No tengo muy claro que pasó con el resto de septiembre. Tampoco recuerdo muy bien que pasó con Octubre, ni como festejé mi cumpleaños. Lo que me queda de esos días es el techo de mi antiguo cuarto, los dos afiches pegados, las manchas de humedad, la telaraña en la esquina junto al ropero, que se iba haciendo todos los días un poco más grande. ¿Será ridículo que una ciudad te duela? Si es así, soy ridículo porque Nueva York me dolía. Me dolía pensar en los teatros de Broadway cerrados. Me dolía pensar en el chino que me preguntaba strawberryvanilla? antes de servirme un helado de chocolate y me dolía pensar en la amable mujer de la perfumería de Macy’s que me decía no hablo español.

Dolía, sobretodo, pensar en todas las personas que habían despertado temprano para trabajar ese día en las Torres Gemelas. La vida se acaba de pronto, en el estruendo del golpe. Sin tiempo de hablar a casa y decirle a tus padres: te quiero. Sin tiempo de fumarse un último cigarro. No podía hacer nada. Superman no los había salvado y yo tampoco. No iba a haber un milagroso escape ni risas al final. En todos esos meses de mirar al techo, entre el dolor y la confusión provocada por el dolor, alcancé a ensamblar una idea. Eso no me iba a pasar a mí. Es decir, cuando ese avión con mi nombre escrito impactara sobre mi vida, me iba a encontrar con una sonrisa en el rostro. Mi último pensamiento sería: no me arrepiento de nada.

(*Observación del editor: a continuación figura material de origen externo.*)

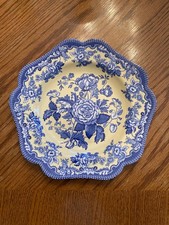 Spode Blue Room Garden Collection Rosa ~9.6" Diameter ~1" Tall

Entonces llegó diciembre. Con diciembre, llegó El señor de los anillos.

Comentarios

Agoran dijo…
la parte de tu vida que estaba oculta, nunca supe exactamente como paso todo eso, es extraño leerlo en un blog, sobretodo tan publico y visitado como el tuyo.

Se que fueron momentos muy importantes para ti, ojalá hubieras recordado que no estas solo, que en cualquier momento en cualquier hora, ahi estare para ti... (aunque actualmente tenga que ser virtual)
Yo estaba en una situación parecida cuando ocurrió lo de las torres. Recuerdo que con un amigo, Andrés Kozel, hacíamos pronósticos pesimistas acerca de la fecha (en ese mismo año) en que se iba a acabar el mundo. Esa mañana, viendo en la tele la repetición hasta la náusea de la misma escena (como los mejores goles de cualquier partido de futbol) hablé a su casa para decirle que el fin del mundo había comenzado y su esposa Mariana me dijo que ni siquiera se habían enterado (en ese entonces no tenían televisión) y que Andrés se había ido como todos los días a la universidad. Después nos dimos cuenta que la situación era normal en un mundo gobernado y administrado por y para la violencia. Recordé la cara de retrasado mental (con disculpas para éstos) de George Bush, me acordé también del presidente Allende con la cabeza destrozada por el escopetazo, me acordé de la Primera Guerra del Golfo (yo estaba en la prepa y ese día creí sinceramente que la Tercera Guerra Mundial había comenzado). Todo eso me hizo darme cuenta que en realidad todos los días son el inicio del fin del mundo. Miles de Saruman siguen ejerciendo su infame magia.
Buen post.
Unknown dijo…
Querido agoran: se aprecia el sentimiento aunque comiences a olvidar el español :P

Edgar: No tener televisión fue a lo que yo me decidí tras la cobertura después del 9/11.